* _Data provided_:
----

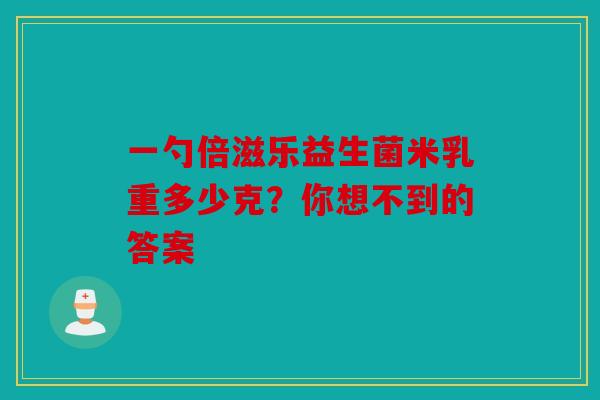 一勺倍滋乐益生菌米乳重多少克？你想不到的答案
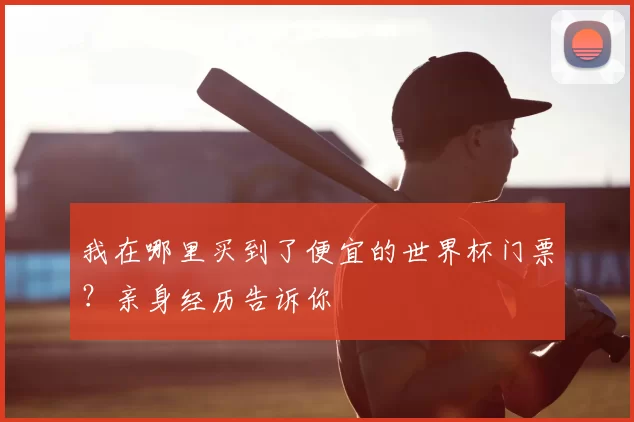 我在哪里买到了便宜的世界杯门票?亲身经历告诉你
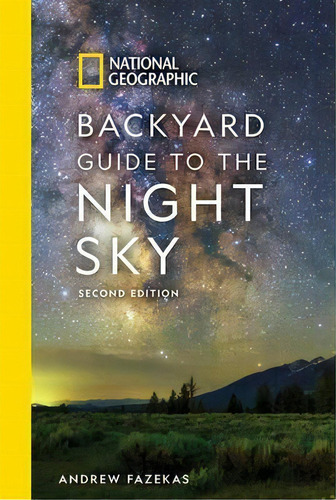 National Geographic Backyard Guide To The Night Sky : 2nd Edition, De Andrew Fazekas. Editorial National Geographic Society, Tapa Blanda En Inglés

----

* _Task directions_:
Exactly the lines from the line with "我在哪里买到了便宜的世界杯门票?亲身经历告诉你" through the end of the data are to be reproduced, and no picture is to be included.

* _Solution below_:
 我在哪里买到了便宜的世界杯门票?亲身经历告诉你
 National Geographic Backyard Guide To The Night Sky : 2nd Edition, De Andrew Fazekas. Editorial National Geographic Society, Tapa Blanda En Inglés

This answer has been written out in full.